Sconfitta su tutta la linea sul fronte dei ricollocamenti obbligatori: chi non accoglie i migranti dovrà versare un contributo finanziario (20mila euro). Ma vince su un capitolo che il ministro Piantedosi considerava essenziale: i rimpatri nei Paesi di transito. Il braccio di ferro è stato soprattutto su questo punto perché tedeschi e francesi chiedevano maggiori garanzie sul rispetto dei diritti umani.
Passa invece la richiesta italiana: quando risulti chiaro che i migranti non hanno diritto all’asilo, possono essere rinviati non solo nei paesi d’origine, ma anche in quelli di transito, purché ci sia una connessione, ovvero un ’legame significativo’ (ad esempio: aver vissuto in un posto un anno) e sia un paese ’sicuro’, che rispetta cioè la dignità umana.
"L’Italia non sarà il centro di raccolta dell’Europa", esulta il titolare del Viminale. A questo punto, la partita si sposta nel Parlamento europeo che dovrà negoziare partendo da questi due regolamento. Ma la partita è quasi chiusa.
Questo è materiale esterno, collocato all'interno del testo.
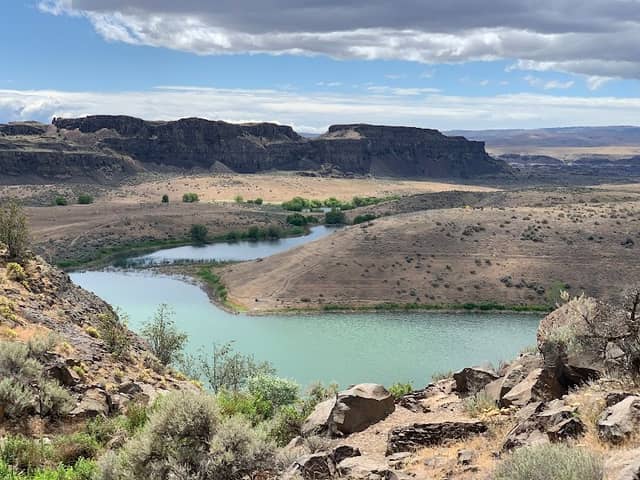 Ancient Lakes Trailhead - Image 2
È questo il tassello più concreto se non più importante nel mosaico al quale sta lavorando senza posa da dieci giorni la premier: "È stata una giornata intensa e positiva. Mi pare che le cose procedano bene, ci sono importanti passi avanti con un protagonismo italiano che mi rende soddisfatta", dice all’ora di cena.
Con l’estate alle porte e un esodo biblico che si profila all’orizzonte, non c’è problema più urgente dell’immigrazione per lei. Mentre le Istituzioni europee si accapigliavano, la presidente del Consiglio con una raffica di incontri sta cercando di tessere una tela in grado di evitare una emergenza da tracollo nel giro di pochi mesi. Ieri è stata la volta del cancelliere tedesco Olaf Scholz.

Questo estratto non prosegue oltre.